The real-world data presented in the two graphs above are, of course, the official number of world-wide Ebola cases, according to the World Health Organization (WHO). The x-axis (along the bottom) is the number of days since the outbreak began last March. As of today, October 31st, it’s around 15,000 and reliably doubling roughly every three weeks. As most of us know, the WHO freely admits their official numbers are low (due to misdiagnosing, not reporting cases, death before tests can be run, etc.) and that the actual total is 2.5 – 3 times higher — i.e. 35,000 – 45,000 cases today.
Am I saying this trend will continue forever? Of course not — but only because I’ve temporarily misplaced my crystal ball… Granted, there are differences between the West and West Africa – namely that we don’t kiss dead bodies during days-long funerals (Ebola concentration increases for several days after death and the dead are currently among the most common sources of new cases). In addition, most of us probably wouldn’t stone to death and dispose in septic tanks the bodies of aid workers who come to help us (which happened), although if we find ourselves at the point which aid workers need to venture to FUSA to stop Ebola, who’s going to come? …and how and why would they get to your neighborhood?
All that being said, clearly nothing has slowed it down so far.
If you’re curious what this trend looks like when projected into the future, here it is.
Disclaimer: past performance does not guarantee future results.
Also, please don’t let this influence your 2016 Independence Day party planning. Yet.
This is the same data set as above, with the trend line extending to an intersection with earth’s population. To those who say projecting (extrapolating) this data is meaningless, I largely agree and would have granted you the same in July with 1000 cases, while discussing extrapolating to 15,000 cases by Halloween. (RUBBISH, say you!) That said, the trend line extension above is still purely an exercise in curiosity.
As with physics, economics, and chemistry, math just is. Math does not have an agenda. Math does not vary with political whims or income levels or normalcy bias. If you disagree with the mathematical analysis above (except for the extrapolation), please don’t shoot the messenger or dismiss it.
If you disagree, simply prove the information above wrong using math, because that’s how math is disproved.

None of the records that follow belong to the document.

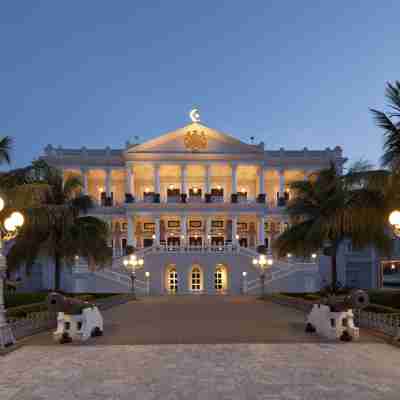 Taj Falaknuma Palace Hotel Exterior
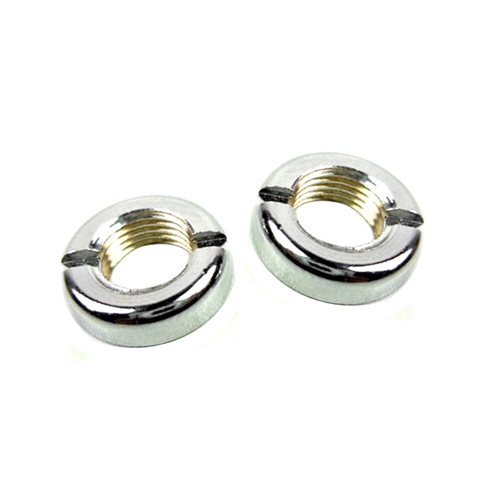 Blaupunkt Chrome Nut, Pair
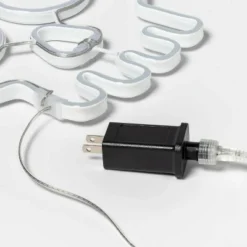 Hyde & EEK! Boutique LED Faux Neon Skull White and Purple Halloween Novelty Silhouette Light - Hyde & EEK! Boutique™ -Hyde & EEK! Shop unnamed file 953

If you don’t believe that established trends generally tend to continue, give your written reasons below as to why not?
Be specific and show your work.
What external force will change this trajectory?

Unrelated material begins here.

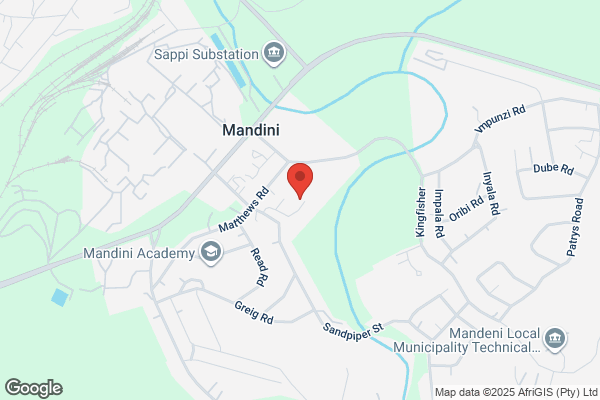 Mandini Trading (Pty) Ltd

Perhaps you’ve located my crystal ball and can inquire in my absence. Are Westerners somehow different?
“It’s never happened before, so it just can’t!”
Very science-y. You might have a future as a globull warmist.
American healthcare is the best in the world?
I agree that it is. However it’s been finely honed for car crashes and chainsaw accidents and heart attacks, not 8-21 day viral hemorrhagic fevers with R0=2 and CFR=0.7.
Aesop and Doc Grouch have done outstanding work explaining this and I thank and commend them to the highest degree for spending their time freely contributing within their sweet spot. CA (our gracious host) has also given selflessly within his sweet spot, as have countless others within theirs, all of them deserving our laud and thanks (each of you has mine).
I happen to understand applied math (BS and MS in Electrical Engineering), and I’m willing to come forth from the among the readership and contribute where I can. I’m not telling you what to do, or how to plan, or when to act — I’m just presenting the math, and the math just is.
Venturing outside what I know and can prove, I HOPE the above extrapolation is wrong (who among us doesn’t?), that this just burns itself out, and that I can go on living life with my family without another thing to consider and for which to plan.
However — as most WRSA regulars already know — hope is not a strategy.